■ WHAT THE TASK ASKS ■
Exclude the pictures and transcribe the rest of the data below exactly.

■ RAW DATA ■
/---

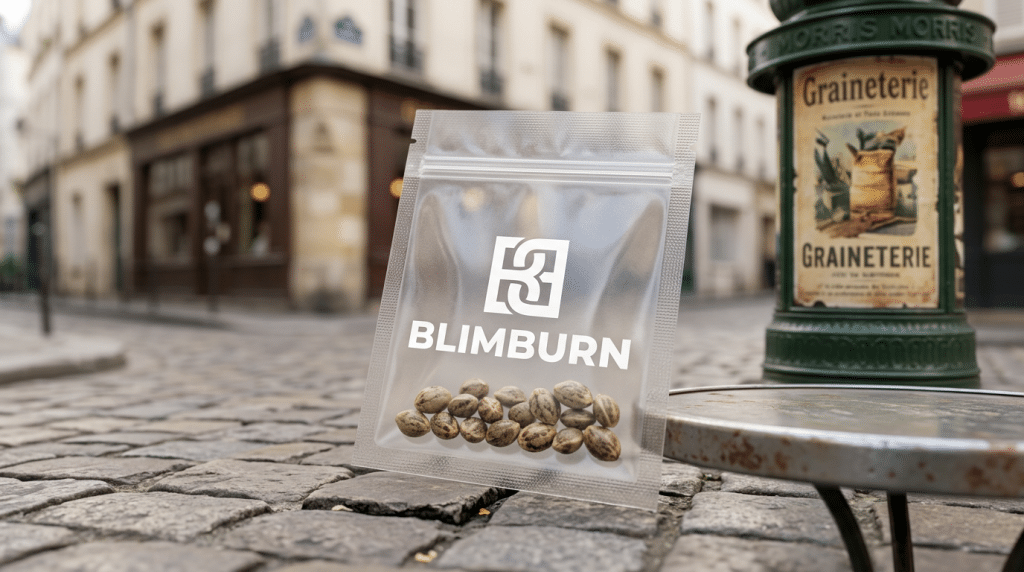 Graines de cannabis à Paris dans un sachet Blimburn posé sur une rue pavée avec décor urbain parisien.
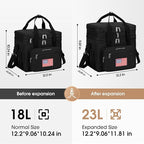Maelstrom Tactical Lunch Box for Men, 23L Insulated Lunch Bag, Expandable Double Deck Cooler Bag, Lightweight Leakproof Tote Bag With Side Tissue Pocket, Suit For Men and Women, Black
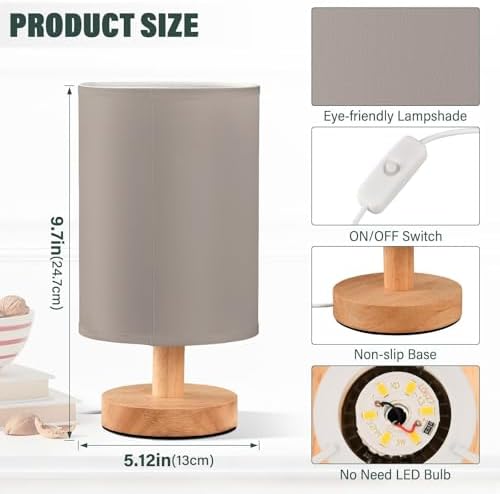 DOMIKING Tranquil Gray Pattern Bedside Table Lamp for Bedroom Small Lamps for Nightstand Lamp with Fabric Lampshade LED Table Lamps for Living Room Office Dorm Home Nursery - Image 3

\---

■ WRITTEN SOLUTION ■
 Graines de cannabis à Paris dans un sachet Blimburn posé sur une rue pavée avec décor urbain parisien.
Maelstrom Tactical Lunch Box for Men, 23L Insulated Lunch Bag, Expandable Double Deck Cooler Bag, Lightweight Leakproof Tote Bag With Side Tissue Pocket, Suit For Men and Women, Black
 DOMIKING Tranquil Gray Pattern Bedside Table Lamp for Bedroom Small Lamps for Nightstand Lamp with Fabric Lampshade LED Table Lamps for Living Room Office Dorm Home Nursery - Image 3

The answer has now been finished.